1968 VW Beetle starter wont stop

starters

#1

I have a 1968 Beetle that has been sitting for a long time, after working through a list of items for the restart I put a new battery in and turned it over. Starter works fine and turns engine over but when I turn the key off starter will not stop until I disconnect the battery, When I reconnect battery everything is fine again until I try to start and starter keeps going until I disconnect battery again.


#2

It must be either the starter switch or the starter/solenoid itself.


#3

Thank you insightful, I think I will start with the solenoid.


#4

Another possibility is that the starter armature is dragging on the starter motor case due to a worn transaxle bushing and the drive gear is not withdrawing.
The best fix in a case like this is a new starter motor and bushing. The new starter should come with a separate bushing for the tranxaxle.

To change the bushing the starter must be removed. The bushing inside the tranxaxle (yes, it’s buried in the hole formerly occupied by the starter) is then lubed with some grease and an appropriately sized thread tap screwed in the bushing. The tap will force the old bushing out and the new bushing inserted with a driver of some sort.

The reason for the separate bushing is because the starter motor does not have a nose on it to support the armature.


#5

Suggest to narrow down the location of the source of the problem. Does the starter selenoid’s “start” input signal measure battery voltage while this is happening? If so, the problem is before that. B/c that signal should be at ground with the key away from the “start” position. Or does it measure ground, and the starter continues to crank? If so, the problem is after that.
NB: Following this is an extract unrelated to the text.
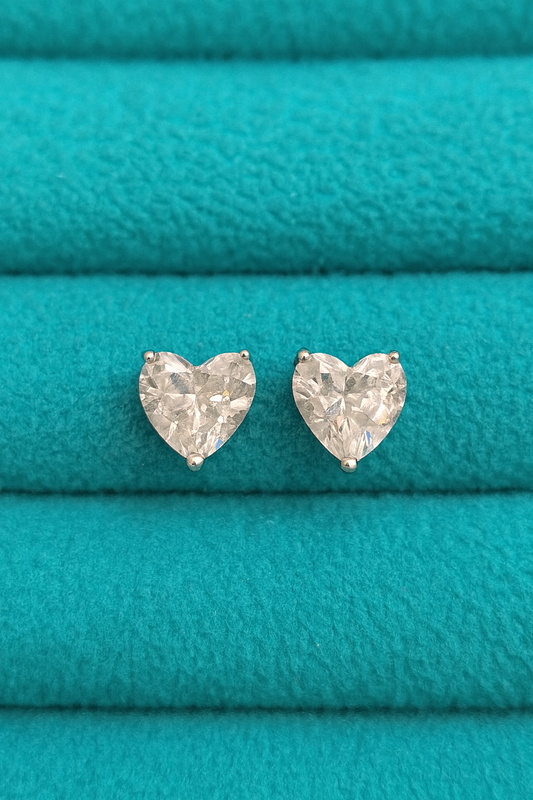 Heart-Shaped Diamond Stud Earrings in 925 Silver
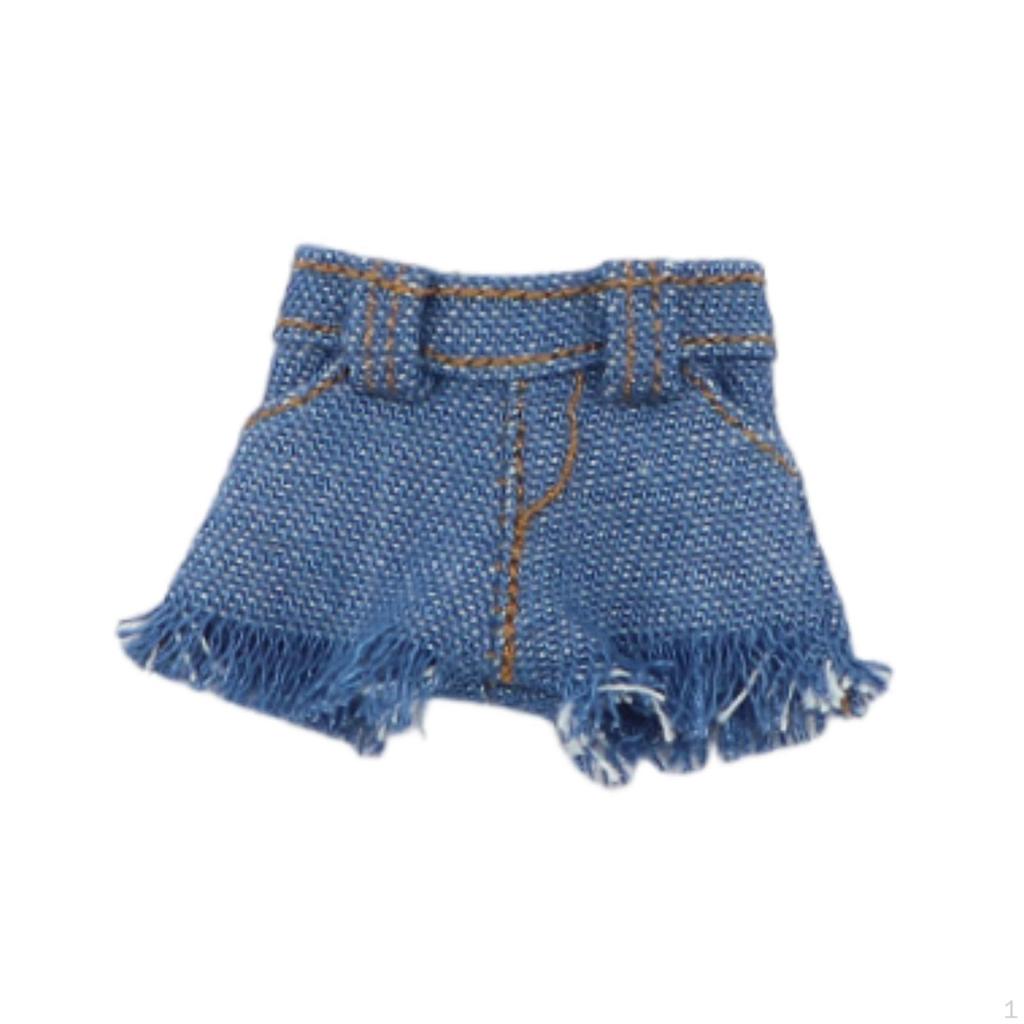 1/12 Denim Shorts Doll Jean Outfit Fashionable Accessory, Costume for 6 Inch Action Figures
I had a friend with this problem on a different make of car & it was caused by the starter solenoid contacts sticking together. Her car ended up burning up b/c of the problem, so it is critical you get to the bottom of what is causing it. In the meantime suggest to disconnect the battery unless you are actually driving it.


#6

Insightful hit the nail on the head…but from a troubleshooting perspective…start with the switch…as it tells the starter solenoid what to do. It is also easier to check.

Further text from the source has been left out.